═════ Supplied data
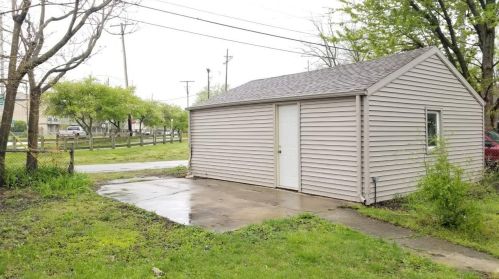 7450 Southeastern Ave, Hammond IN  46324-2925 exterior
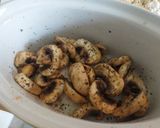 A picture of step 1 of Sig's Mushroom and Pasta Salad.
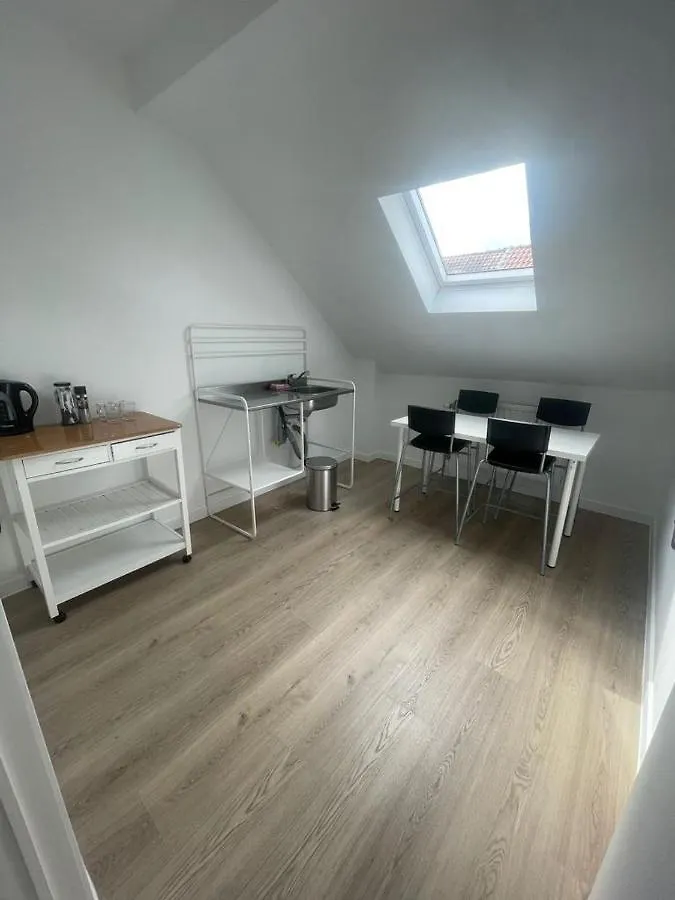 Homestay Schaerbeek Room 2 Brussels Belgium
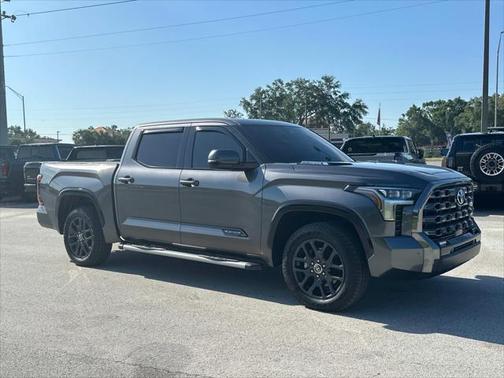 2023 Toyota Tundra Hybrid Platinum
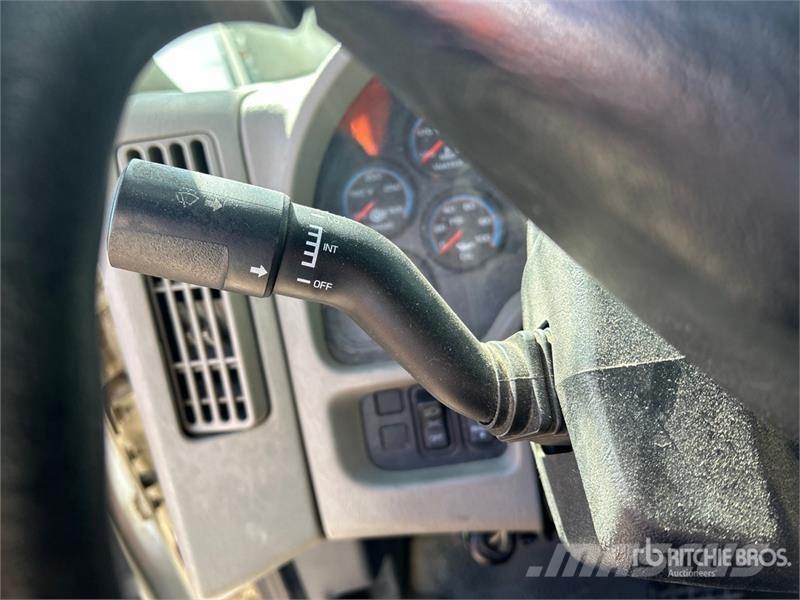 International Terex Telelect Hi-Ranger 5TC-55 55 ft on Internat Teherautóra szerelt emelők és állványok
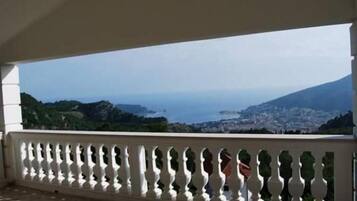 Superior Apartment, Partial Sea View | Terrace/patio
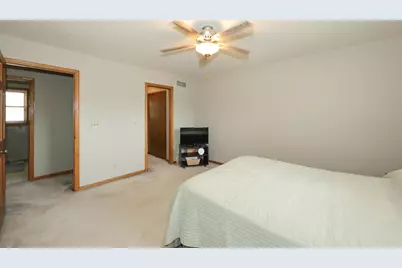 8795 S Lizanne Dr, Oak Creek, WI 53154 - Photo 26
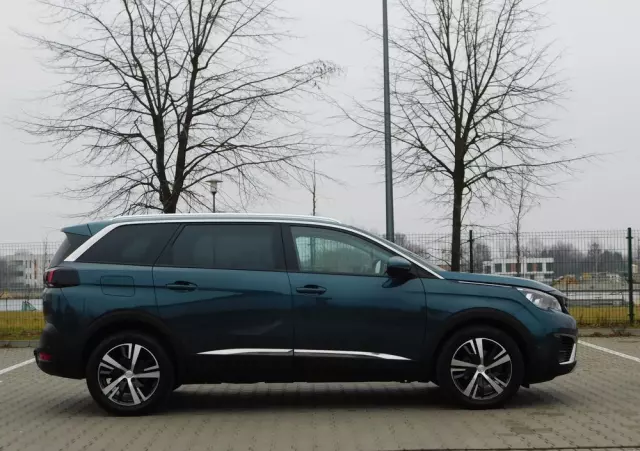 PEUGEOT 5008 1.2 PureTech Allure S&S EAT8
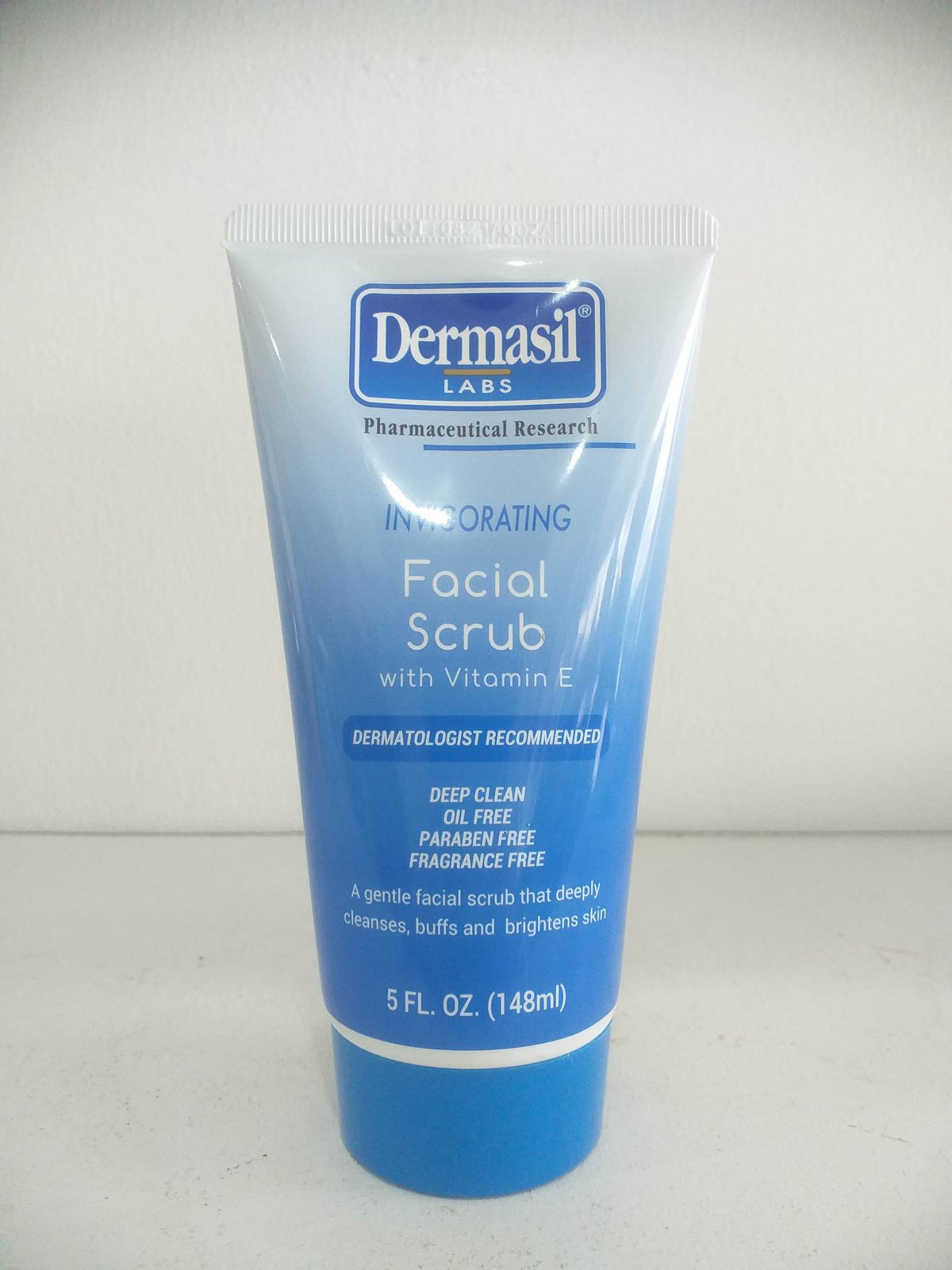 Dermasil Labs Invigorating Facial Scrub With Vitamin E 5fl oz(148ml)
══════════
Assignment:
Every line of the material must be reproduced verbatim; the pictures are to be omitted.

Task response:
 7450 Southeastern Ave, Hammond IN  46324-2925 exterior
 A picture of step 1 of Sig's Mushroom and Pasta Salad.
 Homestay Schaerbeek Room 2 Brussels Belgium
 2023 Toyota Tundra Hybrid Platinum
 International Terex Telelect Hi-Ranger 5TC-55 55 ft on Internat Teherautóra szerelt emelők és állványok
 Superior Apartment, Partial Sea View | Terrace/patio
 8795 S Lizanne Dr, Oak Creek, WI 53154 - Photo 26
 PEUGEOT 5008 1.2 PureTech Allure S&S EAT8
 Dermasil Labs Invigorating Facial Scrub With Vitamin E 5fl oz(148ml)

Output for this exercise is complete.